● DATA
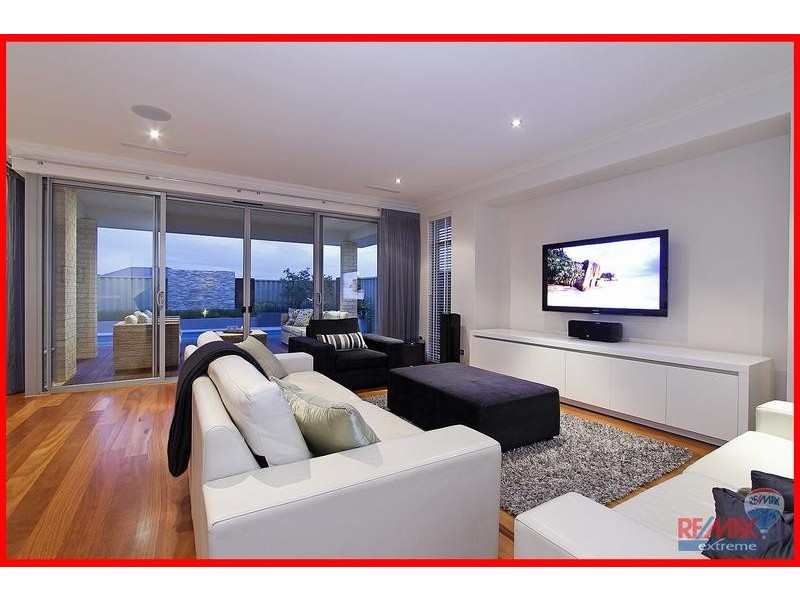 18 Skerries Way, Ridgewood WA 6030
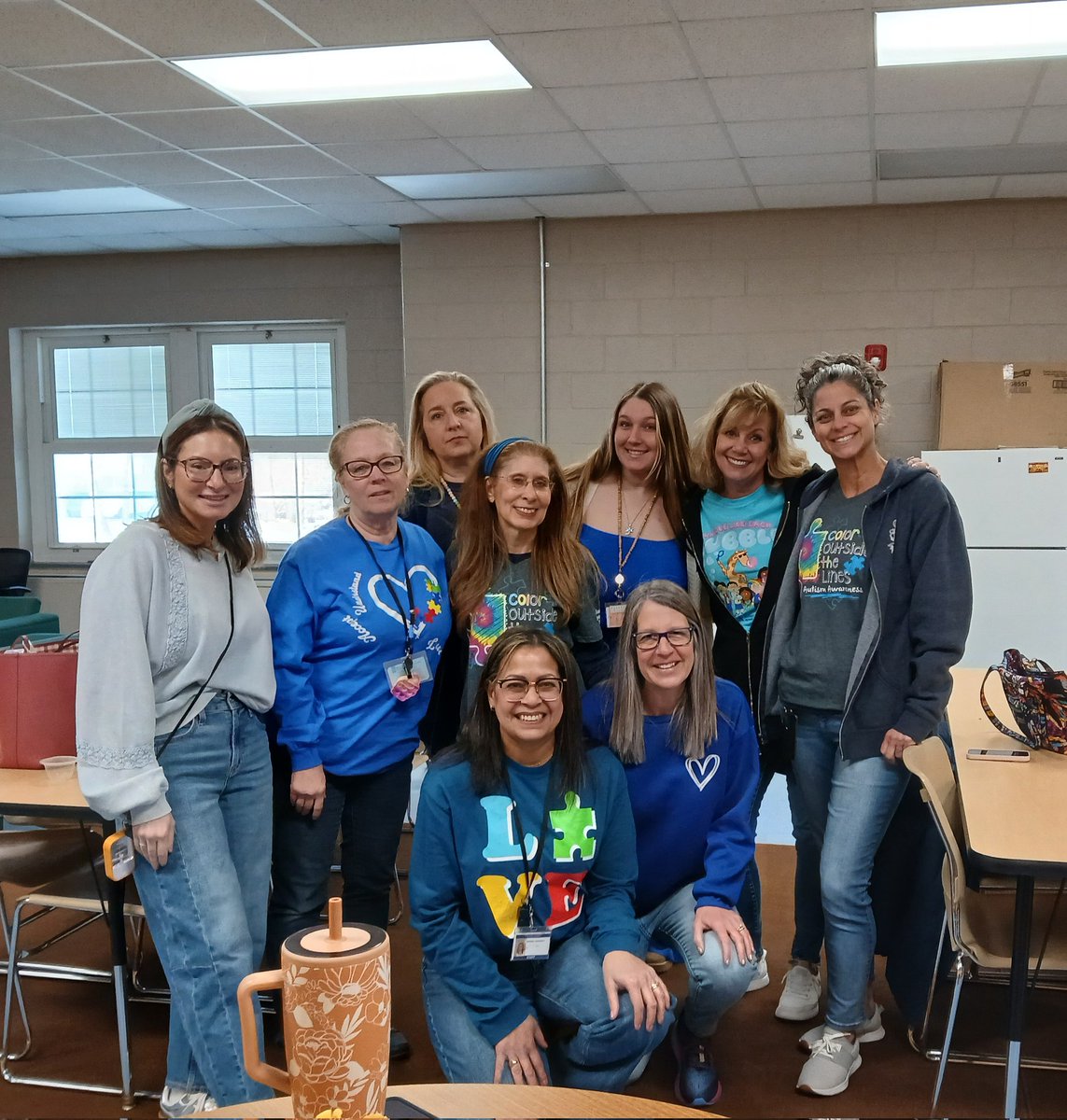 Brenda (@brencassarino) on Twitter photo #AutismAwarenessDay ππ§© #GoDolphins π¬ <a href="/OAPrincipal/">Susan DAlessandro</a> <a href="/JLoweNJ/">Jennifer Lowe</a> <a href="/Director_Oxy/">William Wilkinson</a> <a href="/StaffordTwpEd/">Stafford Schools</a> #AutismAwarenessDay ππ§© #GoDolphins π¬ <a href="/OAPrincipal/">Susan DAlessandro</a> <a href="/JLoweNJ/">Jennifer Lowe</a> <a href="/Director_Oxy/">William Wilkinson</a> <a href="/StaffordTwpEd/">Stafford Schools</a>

==

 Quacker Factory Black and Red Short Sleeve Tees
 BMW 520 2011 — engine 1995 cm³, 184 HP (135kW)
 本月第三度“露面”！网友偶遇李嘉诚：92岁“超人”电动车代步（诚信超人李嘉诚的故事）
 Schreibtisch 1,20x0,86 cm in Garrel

● WHAT IS BEING ASKED
Start with the line above that contains "BMW 520 2011" and end with the line that contains "Schreibtisch 1,20x0,86 cm in Garrel". Write out those lines exactly, and only those.

● RESPONSE
 BMW 520 2011 — engine 1995 cm³, 184 HP (135kW)
 本月第三度“露面”！网友偶遇李嘉诚：92岁“超人”电动车代步（诚信超人李嘉诚的故事）
 Schreibtisch 1,20x0,86 cm in Garrel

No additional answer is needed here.